Items listed in a dataset
--------------------------------

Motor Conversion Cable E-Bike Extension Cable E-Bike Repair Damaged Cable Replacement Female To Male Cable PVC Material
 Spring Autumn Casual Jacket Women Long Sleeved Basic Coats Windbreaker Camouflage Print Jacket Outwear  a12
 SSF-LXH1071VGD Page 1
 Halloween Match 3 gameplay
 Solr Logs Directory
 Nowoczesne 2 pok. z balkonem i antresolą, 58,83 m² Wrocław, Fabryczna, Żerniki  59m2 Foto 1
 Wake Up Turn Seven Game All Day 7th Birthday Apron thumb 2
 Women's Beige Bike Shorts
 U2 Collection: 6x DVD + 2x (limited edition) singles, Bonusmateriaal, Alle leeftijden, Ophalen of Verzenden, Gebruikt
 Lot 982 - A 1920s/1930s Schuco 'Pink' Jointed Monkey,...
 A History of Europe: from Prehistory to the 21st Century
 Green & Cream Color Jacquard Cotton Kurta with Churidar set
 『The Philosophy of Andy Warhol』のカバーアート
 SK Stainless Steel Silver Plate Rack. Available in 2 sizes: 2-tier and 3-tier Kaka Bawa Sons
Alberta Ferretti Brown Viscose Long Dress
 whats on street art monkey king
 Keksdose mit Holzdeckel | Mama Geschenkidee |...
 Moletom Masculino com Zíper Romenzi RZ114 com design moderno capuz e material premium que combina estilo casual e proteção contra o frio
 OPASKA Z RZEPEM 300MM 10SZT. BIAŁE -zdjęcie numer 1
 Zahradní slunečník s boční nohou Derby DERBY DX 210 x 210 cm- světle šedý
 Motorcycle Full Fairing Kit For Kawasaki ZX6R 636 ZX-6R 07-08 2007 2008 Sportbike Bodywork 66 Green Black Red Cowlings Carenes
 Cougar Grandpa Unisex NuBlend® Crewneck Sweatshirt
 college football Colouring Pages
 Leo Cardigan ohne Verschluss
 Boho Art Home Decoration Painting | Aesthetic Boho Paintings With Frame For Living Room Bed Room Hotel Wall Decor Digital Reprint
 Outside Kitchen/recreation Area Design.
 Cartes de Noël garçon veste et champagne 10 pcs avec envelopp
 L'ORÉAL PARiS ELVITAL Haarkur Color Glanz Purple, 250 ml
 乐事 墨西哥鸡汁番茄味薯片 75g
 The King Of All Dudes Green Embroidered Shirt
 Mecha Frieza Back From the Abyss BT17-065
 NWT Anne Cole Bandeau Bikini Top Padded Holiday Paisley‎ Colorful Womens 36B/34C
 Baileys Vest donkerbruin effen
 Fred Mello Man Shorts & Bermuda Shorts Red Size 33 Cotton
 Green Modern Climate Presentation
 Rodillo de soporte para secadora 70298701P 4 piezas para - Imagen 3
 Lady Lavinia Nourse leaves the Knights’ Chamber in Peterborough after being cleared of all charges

--------------------------------

Repeat each line of the data above, exactly as it appears, from the first through the line that contains "Leo Cardigan ohne Verschluss".

Motor Conversion Cable E-Bike Extension Cable E-Bike Repair Damaged Cable Replacement Female To Male Cable PVC Material
 Spring Autumn Casual Jacket Women Long Sleeved Basic Coats Windbreaker Camouflage Print Jacket Outwear  a12
 SSF-LXH1071VGD Page 1
 Halloween Match 3 gameplay
 Solr Logs Directory
 Nowoczesne 2 pok. z balkonem i antresolą, 58,83 m² Wrocław, Fabryczna, Żerniki  59m2 Foto 1
 Wake Up Turn Seven Game All Day 7th Birthday Apron thumb 2
 Women's Beige Bike Shorts
 U2 Collection: 6x DVD + 2x (limited edition) singles, Bonusmateriaal, Alle leeftijden, Ophalen of Verzenden, Gebruikt
 Lot 982 - A 1920s/1930s Schuco 'Pink' Jointed Monkey,...
 A History of Europe: from Prehistory to the 21st Century
 Green & Cream Color Jacquard Cotton Kurta with Churidar set
 『The Philosophy of Andy Warhol』のカバーアート
 SK Stainless Steel Silver Plate Rack. Available in 2 sizes: 2-tier and 3-tier Kaka Bawa Sons
Alberta Ferretti Brown Viscose Long Dress
 whats on street art monkey king
 Keksdose mit Holzdeckel | Mama Geschenkidee |...
 Moletom Masculino com Zíper Romenzi RZ114 com design moderno capuz e material premium que combina estilo casual e proteção contra o frio
 OPASKA Z RZEPEM 300MM 10SZT. BIAŁE -zdjęcie numer 1
 Zahradní slunečník s boční nohou Derby DERBY DX 210 x 210 cm- světle šedý
 Motorcycle Full Fairing Kit For Kawasaki ZX6R 636 ZX-6R 07-08 2007 2008 Sportbike Bodywork 66 Green Black Red Cowlings Carenes
 Cougar Grandpa Unisex NuBlend® Crewneck Sweatshirt
 college football Colouring Pages
 Leo Cardigan ohne Verschluss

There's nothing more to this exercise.